Encore un objectif commun

Le grand problème de ce Madrid « mourinhesque » est qu'il se sent d'ores et déjà arrivé. Ou presque. Car le véritable objectif fixé lors de l'intronisation du Portugais est atteint : détrôner ce Barça, auto-déclaré plus grande équipe de tous les temps. Fatigué, Pep s'en est allé en année sabbatique manger de la « Grande Pomme » , et José a perdu son meilleur ennemi. Depuis la prise de fonction de Tito Vilanova, les Blaugrana sont moins flamboyants, mais ont paradoxalement égalé le meilleur départ de l'histoire de la Liga. Pendant ce temps, à Valdebedas, loin du monde « tout beau, tout propre » de Catalogne, l'ambiance est pesante. Les luttes et les règlements de compte se multiplient en interne. Au final, personne n'est dupe : remonter onze points à ce Barça relève du fantasme. Au jeu du chat et de la souris, les rôles se sont inversés. L'an dernier, l'espoir de folle remontée du Barça s'était confronté à l'avance substantielle des Madrilènes (dix points à son maximum). Surtout, il ne reste à l'heure actuelle plus qu'un seul Clásico – en Liga tout du moins. Et dans un championnat où l'écart entre les deux mastodontes et les badauds est abyssal, difficile d'imaginer un retour du Real. Et ce, même s'il reste encore quelque 72 points à distribuer…

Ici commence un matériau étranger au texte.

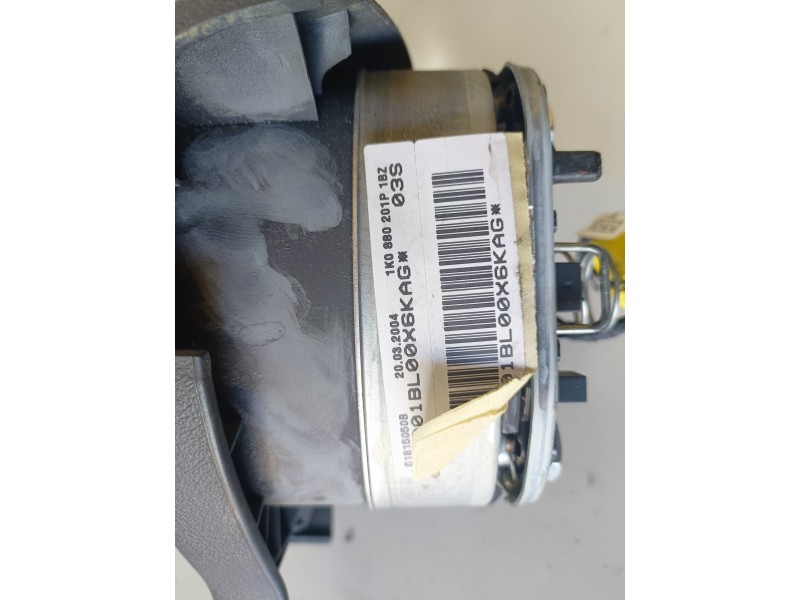 Recambio de airbag delantero izquierdo para volkswagen golf v (1k1)(10.2003) bag referencia OEM IAM 1K0880201P  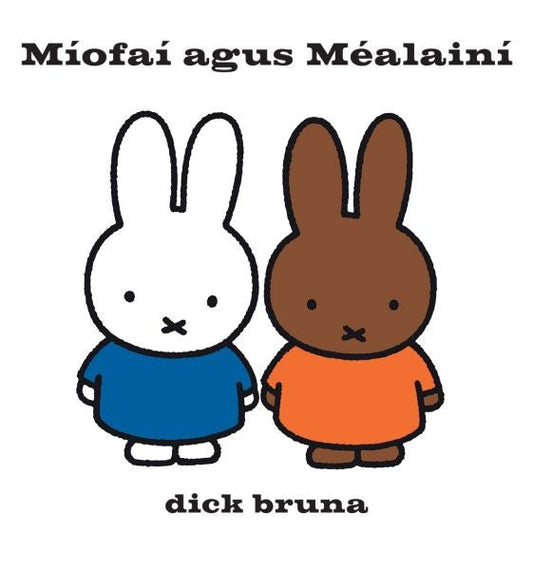 Cover image for Míofaí Agus Méalainí, isbn: 9781913573713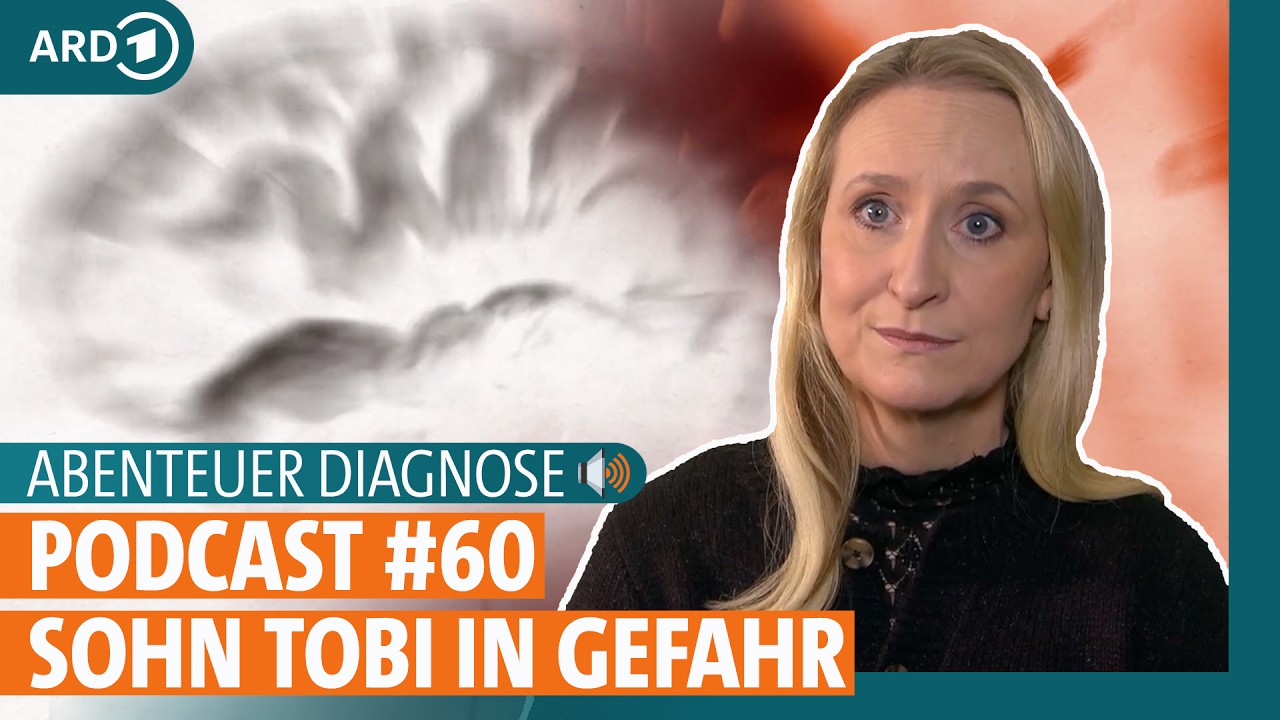 Herzschwäche, Atemnot, Probleme beim Gehen: Warum versagen die Muskeln? | Abenteuer Diagnose Podcast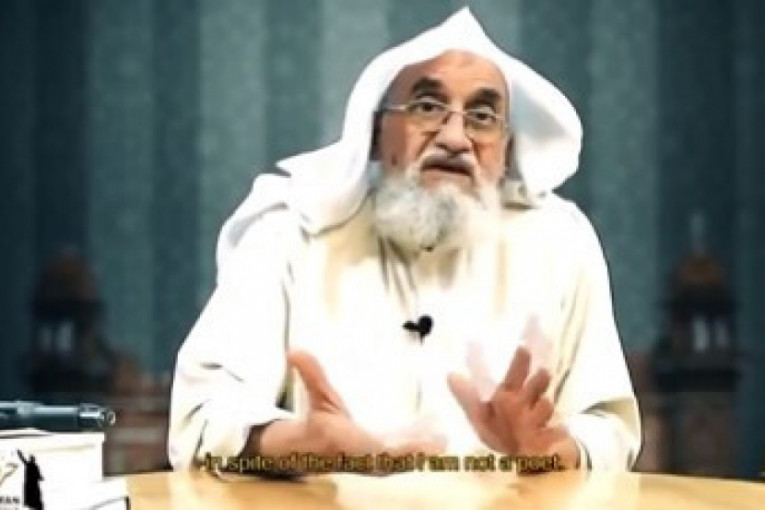 Dve godine se mislilo da je mrtav: Vođa Al Kaide se pojavio u novom snimku (VIDEO)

Mais le Real ne jure que par l'Europe cette saison. Alors, bon gré mal gré, le vestiaire meringue se retrouve autour d'un point, d'un dernier objectif commun : ramener la Ligue des champions au Santiago Bernabéu. Cette fameuse decima pour boucler une boucle vieille de 56 ans, date du premier titre européen. Dans ce dernier combat, tout le monde y trouve son compte : Mourinho deviendrait le premier entraîneur à réussir la passe de trois à la tête de clubs différents, Casillas entretiendrait un peu plus sa légende, Cristiano pourrait se targuer de devancer Messi, et Sergio Ramos ramènerait sa première coupe aux grandes oreilles. Bref, un contrat partagé mais bien difficile à accomplir. Car, au-delà de la difficulté même de s'imposer en C1, le parcours merengue en cette phase de poules peut inquiéter. Entre un Manchester City toujours pas dépucelé sur le Vieux Continent et un Ajax en mode prépubère, le Real a galéré face au Borussia Dortmund. Une défaite et un match nul face aux Teutons qui lui assurent une qualification, certes, mais comme simple second couteau. Et donc un huitième de finale corsé face à une tête de liste. Le chemin menant à Wembley est encore bien long.

L'ombre de Jorge Mendes

Cette course vers ladite decima suffira-t-elle à en finir avec les guéguerres internes ? Pas sûr. Malgré les discours de surface, le mal est profond. Iker Casillas, en grand professionnel qu'il est, a beau avouer qu'il «  faut prendre la défense de l'entraîneur (…). Nous, les joueurs, sommes aussi responsables, moi le premier » , personne n'est dupe. Forcément, après un début de saison clairement en deçà des attentes, les embrouilles n'ont pas tardé à pointer le bout de leur nez. Dans un vestiaire truffé d'égos, elles prennent même une tournure disproportionnée. Masquées deux ans durant grâce au duel sans merci face au FCB, le Real voit désormais ces luttes faire la Une. En première ligne, la mésentente entre la communauté espagnole (Casillas et Sergio Ramos en tête) et le management de José Mourinho. Un José qui, lors de ses expériences anglaise et italienne, avait les pleins-pouvoirs et qui a du mal à se faire au fonctionnement de l'institution merengue. Une incompréhension qui a déjà conduit au clash avec le boss de la Masia, à l'écart de Sergio Ramos… Pourtant, les quelque onze points de retard sur le leader lui valent encore la confiance de Florentino. Une première dans l'histoire du club centenaire, puisqu'aucun entraîneur n'est resté en poste avec un tel bilan après treize journées.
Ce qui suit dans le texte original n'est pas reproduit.